FAASM approaches the problem from the WebAssembly angle, using shared memory regions for WebAssembly module state to allow fast function instantiation. The tradeoff space is different: WASM sandboxes like those in Spin or wasmtime have fast cold starts by default because WASM modules are much smaller than a Python interpreter, but they require your code to target WASM and they lose the ability to run arbitrary Python with arbitrary native extensions.
The Tradeoffs
The approach is not without complications. Snapshot staleness is the obvious one: the snapshot captures a moment in time, so any mutable global state in the Python process is shared across all clones at the moment of their creation. If your Python code modifies a global at import time, and plenty of libraries do, every sandbox starts with that modification already applied. This is usually fine since the snapshot represents a fully-initialized state, but it requires care when the snapshot is created and updated.
The security implications of shared physical pages deserve attention. The pages themselves are read-only at the hardware level until written; a sandbox cannot corrupt another sandbox’s view of the shared data because any write produces a private copy. But the shared pages are identical across all sandboxes, which is a consideration for workloads where data isolation between tenants matters beyond simple memory protection.
Dirty page tracking overhead is real but bounded. The KVM_GET_DIRTY_LOG ioctl requires KVM to maintain a bitmap of written pages, which adds a small cost to every page write in the guest. For compute-heavy workloads that write a lot of memory, this is measurable. For typical sandbox workloads that do some computation and return a result, it is negligible.

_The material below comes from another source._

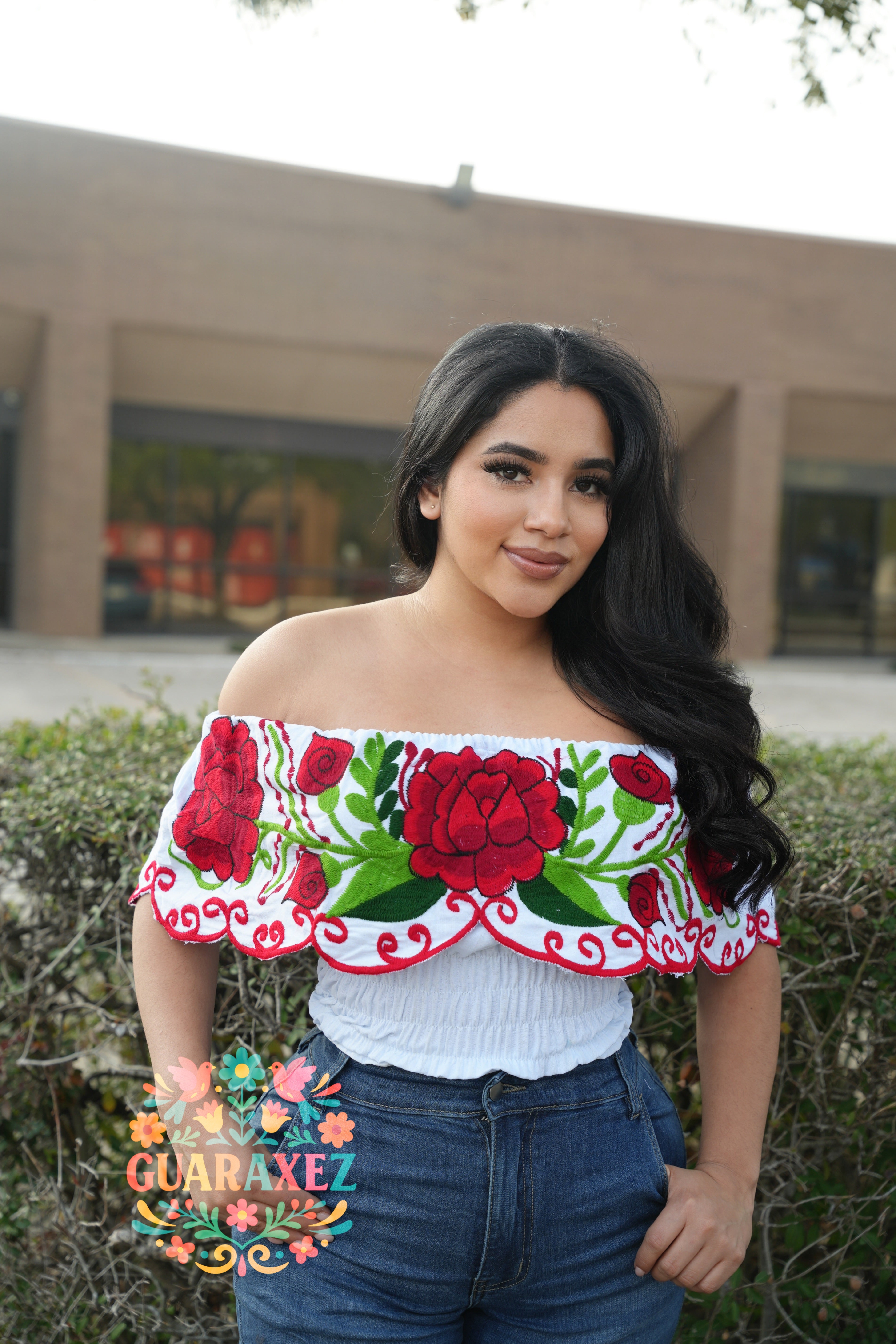 Alejandrina Mexican Embroidery Top for Women — Floral - White/ Red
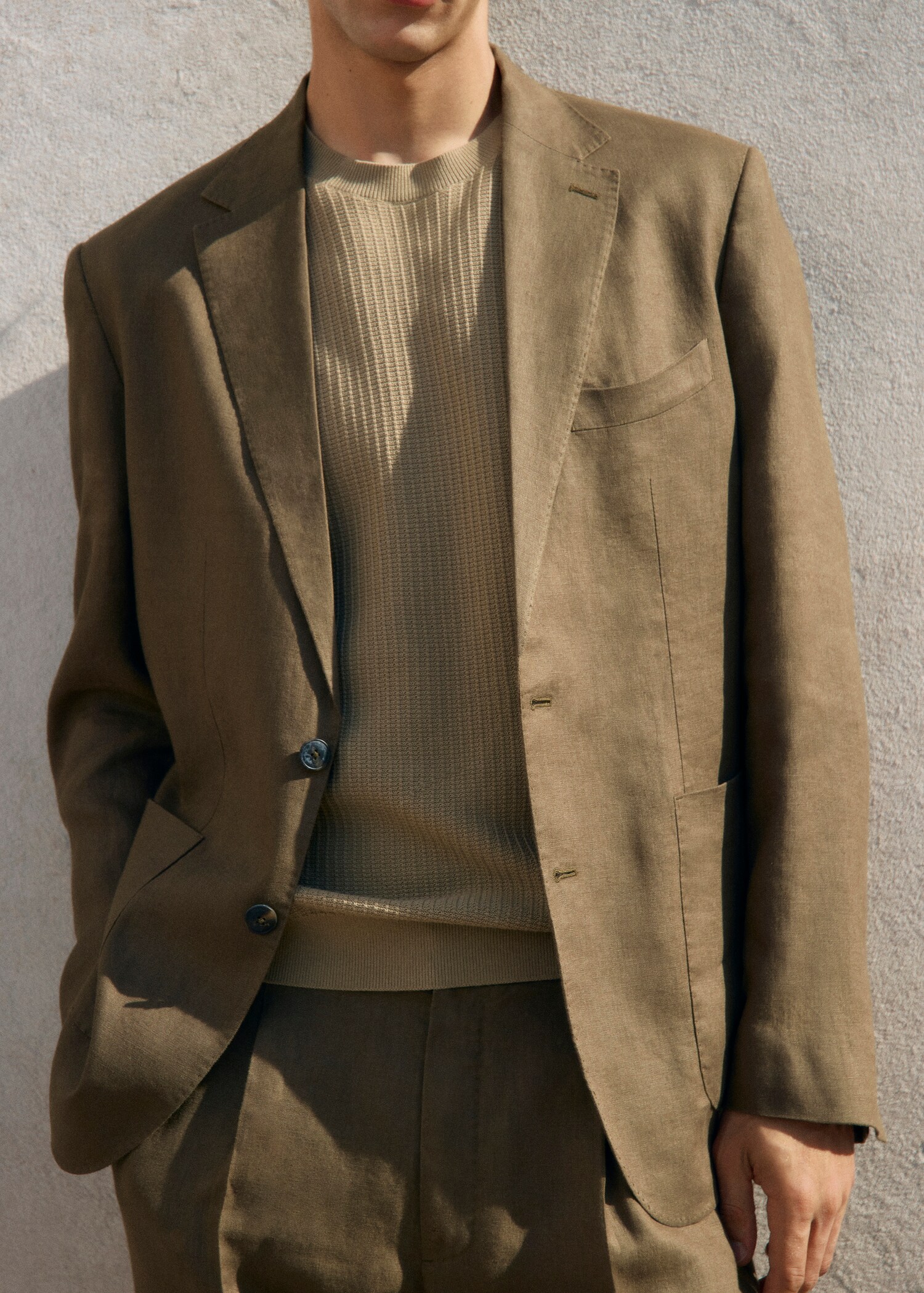 Salerno 100% linen slim fit suit blazer - Details of the article 3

Why Python Specifically Benefits
The cold-start problem is particularly acute for Python because Python’s startup costs are high and hard to avoid. The interpreter itself takes time to initialize. The import system is slow by design, resolving module paths, reading and compiling .py files or loading .pyc caches, and executing module-level code. numpy’s C extension does substantial initialization: setting up BLAS, probing CPU features for SIMD dispatch, registering array types. You cannot skip any of this; you can only pay for it once.

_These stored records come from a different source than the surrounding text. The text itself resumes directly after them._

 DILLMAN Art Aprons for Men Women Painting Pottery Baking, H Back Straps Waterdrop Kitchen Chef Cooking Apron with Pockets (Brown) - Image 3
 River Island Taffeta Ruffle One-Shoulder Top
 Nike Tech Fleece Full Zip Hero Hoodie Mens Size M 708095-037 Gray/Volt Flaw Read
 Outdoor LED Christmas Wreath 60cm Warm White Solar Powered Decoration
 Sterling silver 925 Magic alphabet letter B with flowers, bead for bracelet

The snapshot approach pays the initialization cost exactly once and amortizes it across every sandbox that runs. The first boot is slow. Every subsequent clone is fast. For a long-running service, the amortization window is effectively infinite.
The zeroboot project demonstrates that sub-millisecond startup is achievable with production-grade isolation using Firecracker’s battle-tested VMM. The implementation is not complex in concept; the complexity is in the details of snapshot management, uffd integration, and handling the edge cases around mutable state. But the core idea, fork() for VMs, is one of those things that feels obvious once you see it.